To summarize what HYRY said and to ensure Cython can generate fast indexing code, try something like the following:

cimport cython
import numpy as np
cimport numpy as np


ctypedef np.float_t ftype_t
cdef extern from "ccxtc.h" namespace "ccxtc":
    cdef cppclass xtc:
        xtc(char []) except +
        int next()
        int natoms
        float (*x)[3]
        float time


cdef class pyxtc:
    cdef xtc *thisptr

    def __cinit__(self, char fname[]):
        self.thisptr = new xtc(fname)

    def __dealloc__(self):
        del self.thisptr

    property natoms:
        def __get__(self):
            return self.thisptr.natoms

    @cython.boundscheck(False)
    @cython.wraparound(False)
    cdef _ndarray_from_x(self):
        cdef np.ndarray[np.float_t, ndim=2] res = np.zeros([self.thisptr.natoms,3], dtype=np.float)
        cdef int i
        for i in range(self.thisptr.natoms):
            res[i,0] = self.thisptr.x[i][0]
            res[i,1] = self.thisptr.x[i][1]
            res[i,2] = self.thisptr.x[i][2]
        return res

    property x:
        def __get__(self):
            return self._ndarray_from_x()

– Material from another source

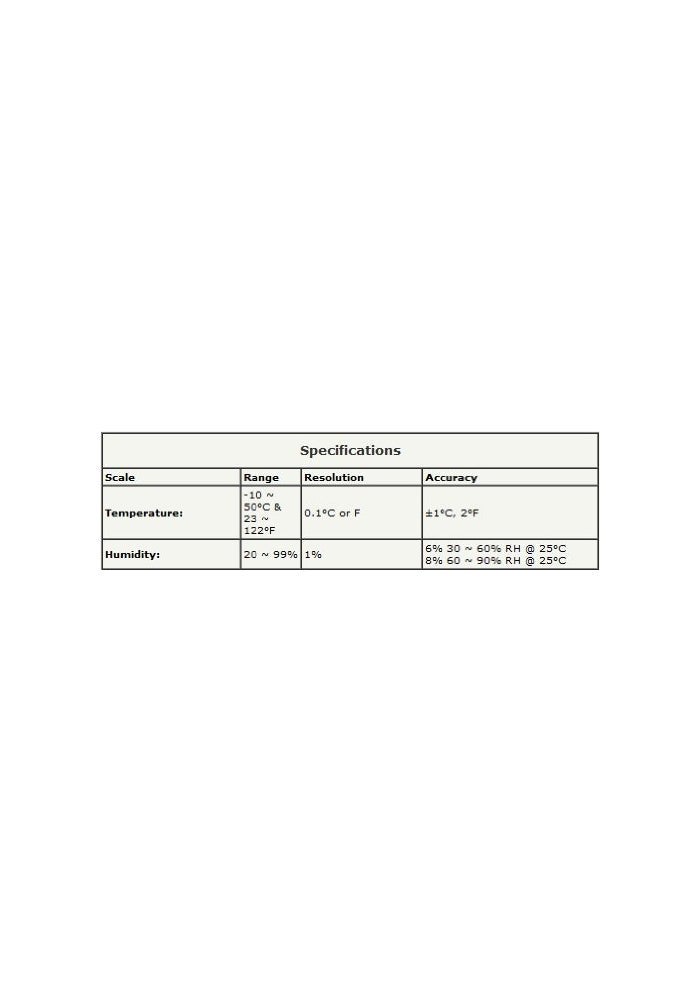 Sper Scientific 800016 Digital Humidity and Temperature Monitor with Large Display - Image 2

    @cython.boundscheck(False)
    def next(self):
        return self.thisptr.next()

All I did was put the fast stuff inside a cdef method, put the right optimizing decorators on it, and called that inside the property's __get__(). You should also make sure to refer to self.thisptr.natoms inside the range() call rather than use the natoms property, which has lots of Python overhead associated with it.